Exceptional Circumstances

  1. The FW Act allows the Commission to extend the period within which an application for the Commission to deal with a dismissal dispute must be made only if it is satisfied that there are ‘exceptional circumstances’. Briefly, exceptional circumstances are circumstances that are out of the ordinary course, unusual, special or uncommon but the circumstances themselves do not need to be unique nor unprecedented, nor even very rare.[21] Exceptional circumstances may include a single exceptional matter, a combination of exceptional factors, or a combination of ordinary factors which, although individually of no particular significance, when taken together can be considered exceptional.[22]

  1. The requirement that there be exceptional circumstances before time can be extended under s.366(2) contrasts with the broad discretion conferred on the Commission under s.185(3) to extend the 14 day period within which an enterprise agreement must be lodged, which is exercisable simply if in all the circumstances the Commission considers that it is ‘fair’ to do so.

  1. Section 366(2) requires that, in considering whether to grant an extension of time, the Commission must take into account the following:

(a)   the reason for the delay;

(b)   any action taken by the person to dispute the dismissal;

(c)   prejudice to the employer (including prejudice caused by the delay);

(d)   the merits of the application; and

(e)   fairness as between the person and other persons in a similar position.
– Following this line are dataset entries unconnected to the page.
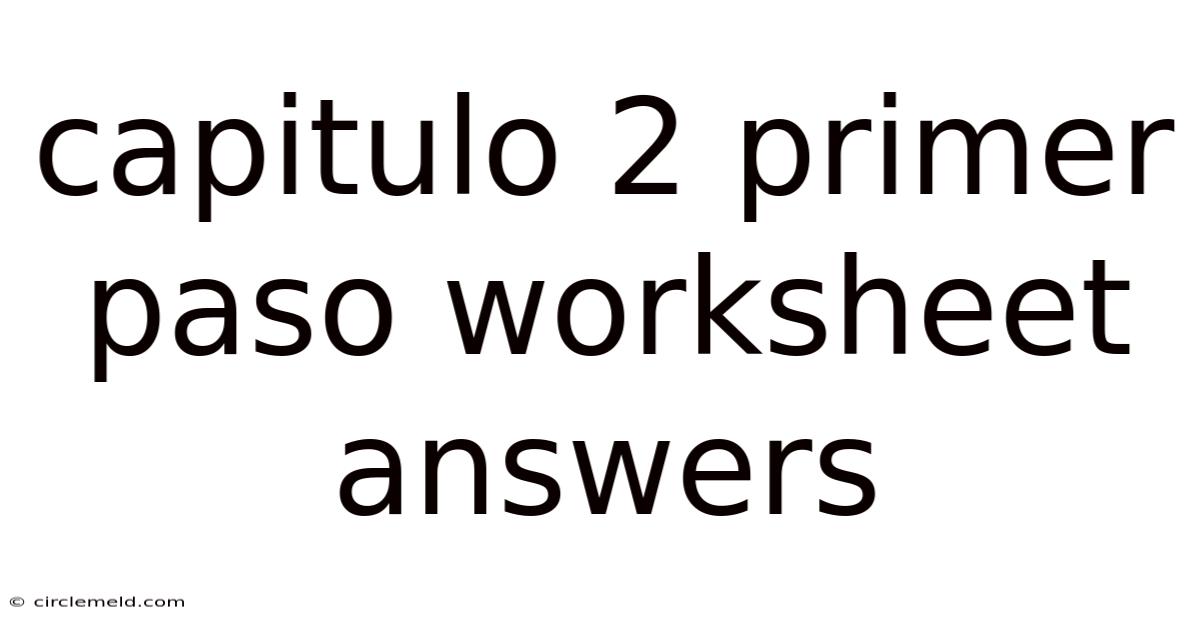 Capitulo 2 Primer Paso Worksheet Answers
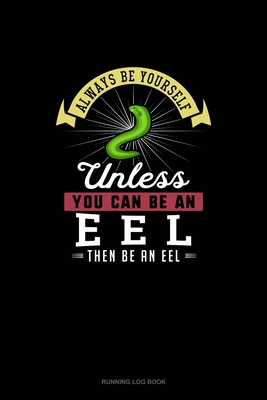 Read Always Be Yourself Unless You Can Be An Eel Then Be An Eel: Running Log Book - Blue Cloud Novelty | ePub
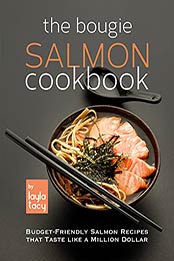 The Bougie Salmon Cookbook: Budget-Friendly Salmon Recipes that Taste like a Million Dollars by Layla Tacy [EPUB:B09HMKV3Q1 ]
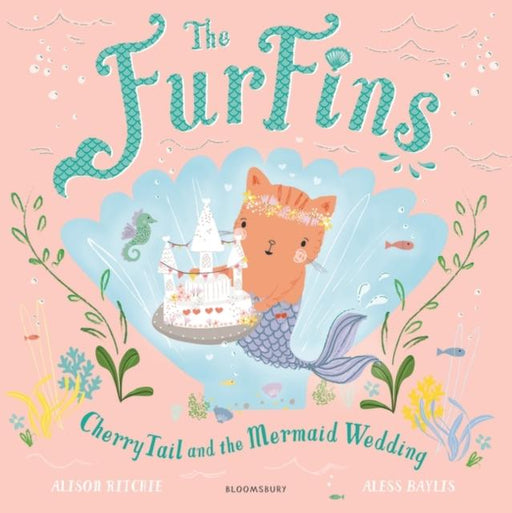 The FurFins: CherryTail and the Mermaid Wedding Popular Titles Bloomsbury Publishing PLC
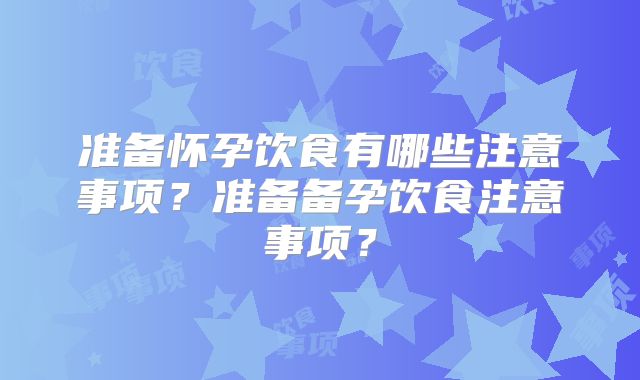 准备怀孕饮食有哪些注意事项?准备备孕饮食注意事项?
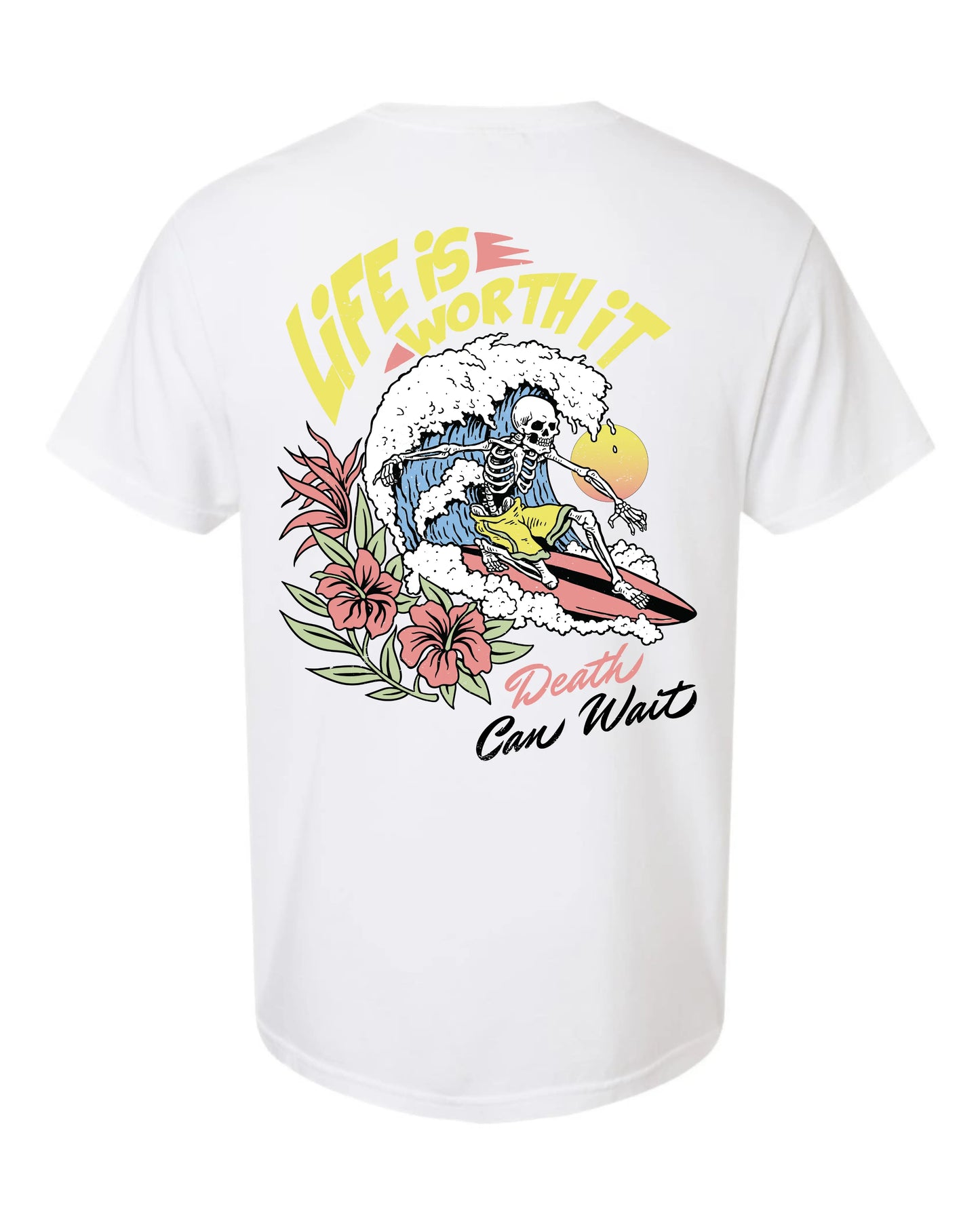 Life is Worth It T-Shirt - Grit Clothing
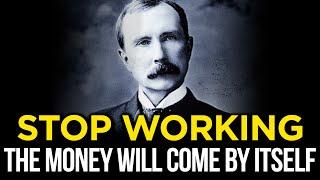 SECRET that allows you NOT to WORK The Proven Way to Wealth  John D. Rockefeller
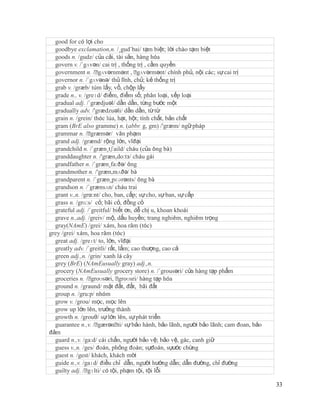 good for có lợi cho
  goodbye exclamation,n. /¸gud´bai/ tạm biệt; lời chào tạm biệt
  goods n. /gudz/ của cải, tài sản, hàng hóa
  govern v. /´gʌvən/ cai trị , thống trị , cầm quyền
  government n. /ˈ   gʌvərnmənt , ˈ    gʌvərmənt/ chính phủ, nội các; sự cai trị
  governor n. /´gʌvənə/ thủ lĩnh, chủ; kẻ thống trị
  grab v. /græb/ túm lấy, vồ, chộp lấy
  grade n., v. /greɪd/ điểm, điểm số; phân loại, xếp loại
  gradual adj. /´grædjuəl/ dần dần, từng bước một
  gradually adv. /'grædzuəli/ dần dần, từ từ
  grain n. /grein/ thóc lúa, hạt, hột; tính chất, bản chất
  gram (BrE also gramme) n. (abbr. g, gm) /'græm/ ngữ pháp
  grammar n. /ˈ   græmər/ văn phạm
  grand adj. /grænd/ rộng lớn, vĩđại
  grandchild n. /´græn¸tʃaild/ cháu (của ông bà)
  granddaughter n. /'græn,do:tз/ cháu gái
  grandfather n. /´græn¸fa:ðə/ ông
  grandmother n. /'græn,mʌðə/ bà
  grandparent n. /´græn¸pɛərənts/ ông bà
  grandson n. /´grænsʌn/ cháu trai
  grant v.,n. /grα:nt/ cho, ban, cấp; sự cho, sự ban, sự cấp
  grass n. /grɑ:s/ cỏ; bãi cỏ, đồng cỏ
  grateful adj. /´greitful/ biết ơn, dễ chị u, khoan khoái
  grave n.,adj. /greiv/ mộ, dấu huyền; trang nghiêm, nghiêm trọng
  gray(NAmE) /grei/ xám, hoa râm (tóc)
grey /grei/ xám, hoa râm (tóc)
  great adj. /greɪt/ to, lớn, vĩđại
  greatly adv. /´greitli/ rất, lắm; cao thượng, cao cả
  green adj.,n. /grin/ xanh lá cây
  grey (BrE) (NAmEusually gray) adj.,n.
  grocery (NAmEusually grocery store) n. /´grousəri/ cửa hàng tạp phẩm
  groceries n. /ˈ groʊsəri, ˈ   groʊsri/ hàng tạp hóa
  ground n. /graund/ mặt đất, đất, bãi đất
  group n. /gru:p/ nhóm
  grow v. /grou/ mọc, mọc lên
  grow up lớn lên, trưởng thành
  growth n. /grouθ/ sự lớn lên, sự phát triển
  guarantee n.,v. /ˈ gærənˈ sự bảo hành, bảo lãnh, người bảo lãnh; cam đoan, bảo
                               ti/
đảm
  guard n.,v. /ga:d/ cái chắn, người bảo vệ; bảo vệ, gác, canh giữ
  guess v.,n. /ges/ đoán, phỏng đoán; sựđoán, sựước chừng
  guest n. /gest/ khách, khách mời
  guide n.,v. /gaɪd/ điều chỉ dẫn, người hướng dẫn; dẫn đường, chỉ đường
  guilty adj. /ˈ gɪlti/ có tội, phạm tội, tội lỗi

                                                                                   33
 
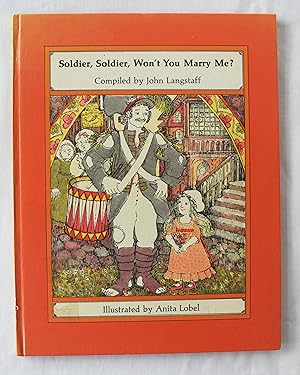 Image du vendeur pour Soldier, Soldier, Won't You Marry Me ? mis en vente par Barassie Books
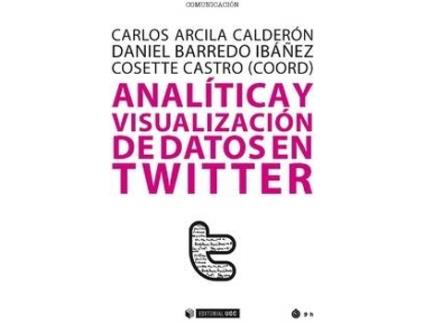 Livro Analítica Y Visualización De Datos En Twitter de Carlos Arcila Calderón (Espanhol)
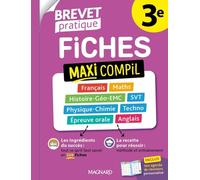 Fiches Maxi Compil 3e - Français, Maths, Histoire-Géo-Emc, Svt, Physique-Chimie, Techno, Epreuve Orale, Anglais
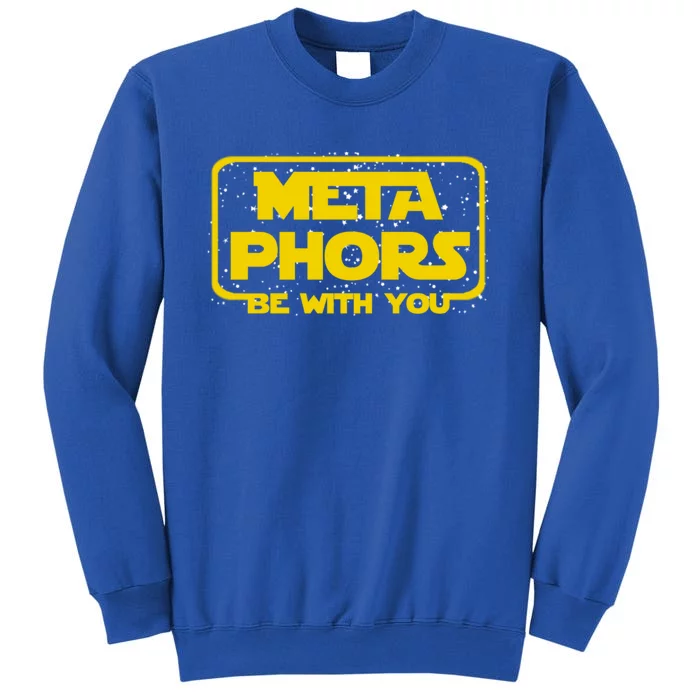 Metaphors Be With You Funny English Teacher Space Gift Tall Sweatshirt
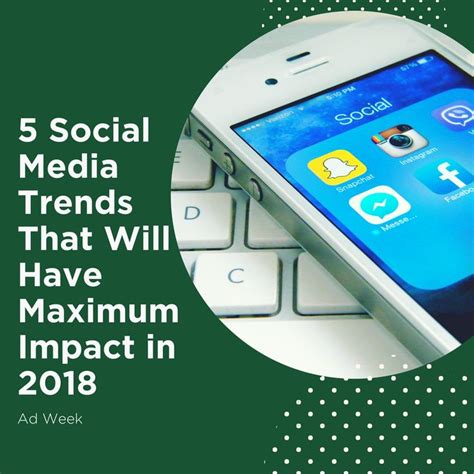 5 Social Media Trends That Will Have Maximum Impact In 2018 Social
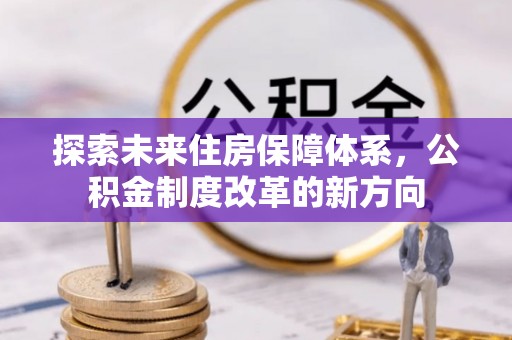 装修探索未来住房保障体系，公积金制度改革的新方向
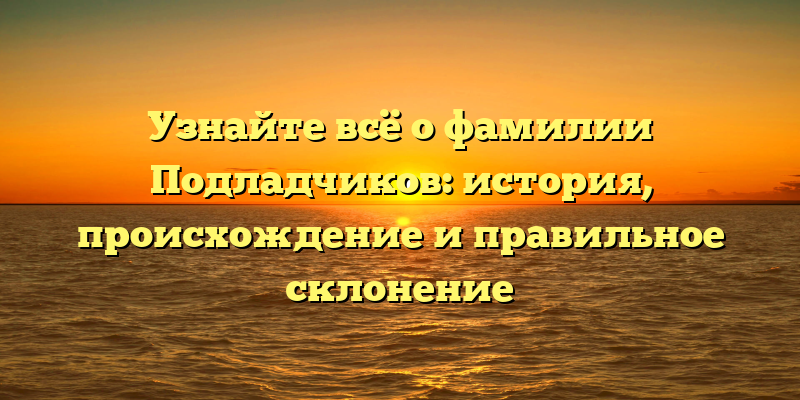 Узнайте всё о фамилии Подладчиков: история, происхождение и правильное склонение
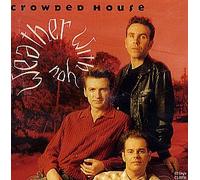 Crowded House - Weather with You / + Unreleased Live Tracks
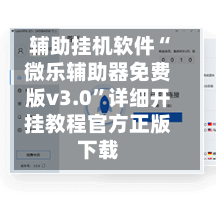 辅助挂机软件“微乐辅助器免费版v3.0”详细开挂教程官方正版下载-第3张图片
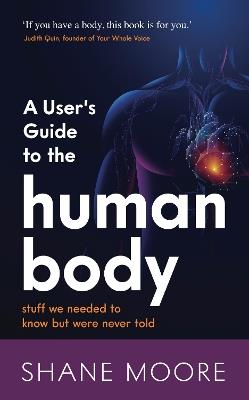 A User's Guide to the Human Body: stuff we needed to know but were never told - Shane Moore - cover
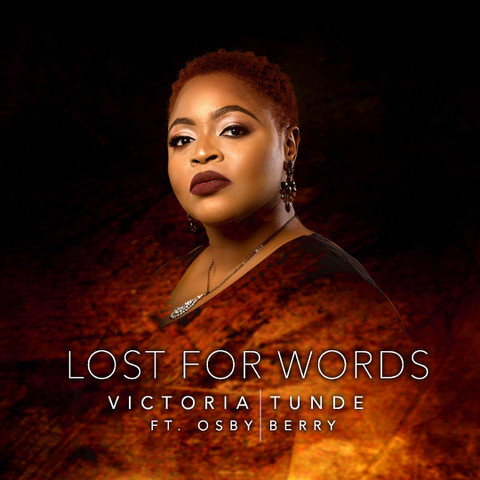 Lost For Words by Victoria Tunde ft Osby Berry
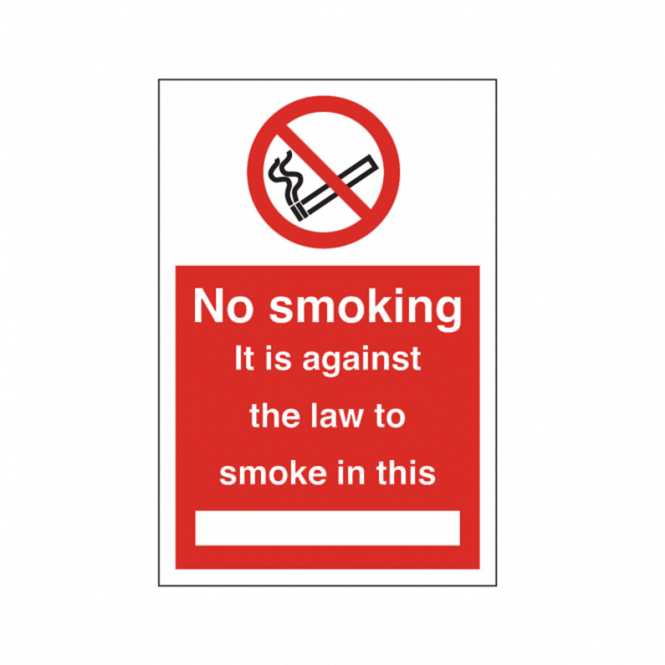 No Smoking Against The Law To Smoke In This Safety Sign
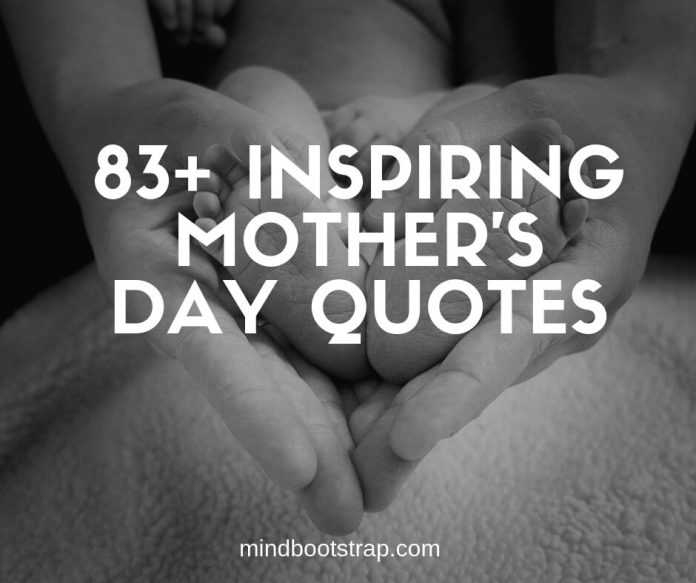 Best Mother's Day quotes and sayings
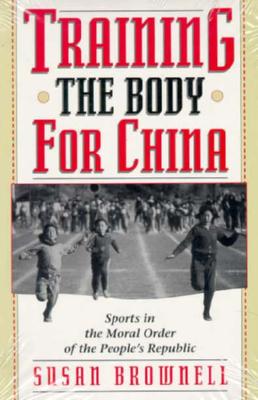 Training the Body for China: Sports in the Moral Order of the People's Republic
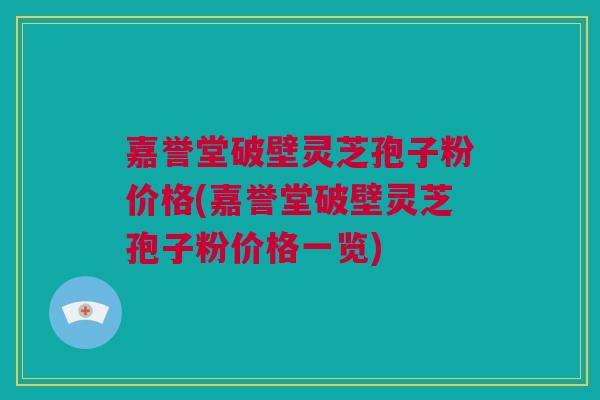 嘉誉堂破壁灵芝孢子粉价格(嘉誉堂破壁灵芝孢子粉价格一览)
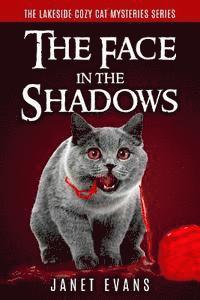 Janet Evans - The Face In The Shadows: ( The Lakeside Cozy Cat Mysteries Series - Book Two ), Häftad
  1. The requirement that these matters be taken into account means that each matter must be considered and given appropriate weight in assessing whether there are exceptional circumstances.

  1. The test of ‘exceptional circumstances’ establishes a ‘high hurdle’ for an applicant seeking an extension of time to file an application for the Commission to deal with a dismissal dispute.[23]

  1. I now consider these matters in the context of the Application.

s.366(2)(a) – Reason for the delay

  1. The FW Act does not specify what reason for delay might tell in favour of granting an extension, however decisions of the Commission have referred to an acceptable or reasonable explanation. The absence of any explanation for any part of the delay will usually weigh against an applicant in the assessment of whether there are exceptional circumstances, and a credible explanation for the entirety of the delay will usually weigh in an applicant’s favour, however all of the circumstances must be considered.[24]

  1. The only reasons advanced by the Applicant for the delay are injury (or medical incapacity) and caring for his mother. [25]

  1. In relation to the reason of injury, the Applicant gave the following evidence:

PN517
And the injury is - there was a medical certificate you filed with my chambers in July, which said you were unfit from June - - -?---Yes, I’ve got internal - internal bruising.

PN518
Referred to an injury with your ribs?---My three fractured ribs, yes, and internally.

PN519
And when did that injury occur?---A while back. Previous to this date.

PN520
While you were still employed with Primo?---No.

PN521

So after termination?---After termination. I think we were - what was it - it was the week before I went to Primo to collect my belongings. I was walking in Parramatta and I got assaulted by a number of people, and I had three broken ribs and I had to get hospitalised, blah, blah, blah.[26]

Medical Incapacity

  1. The Applicant submitted that a reason for the delay was that he was injured after being assaulted by a number of people in Parramatta.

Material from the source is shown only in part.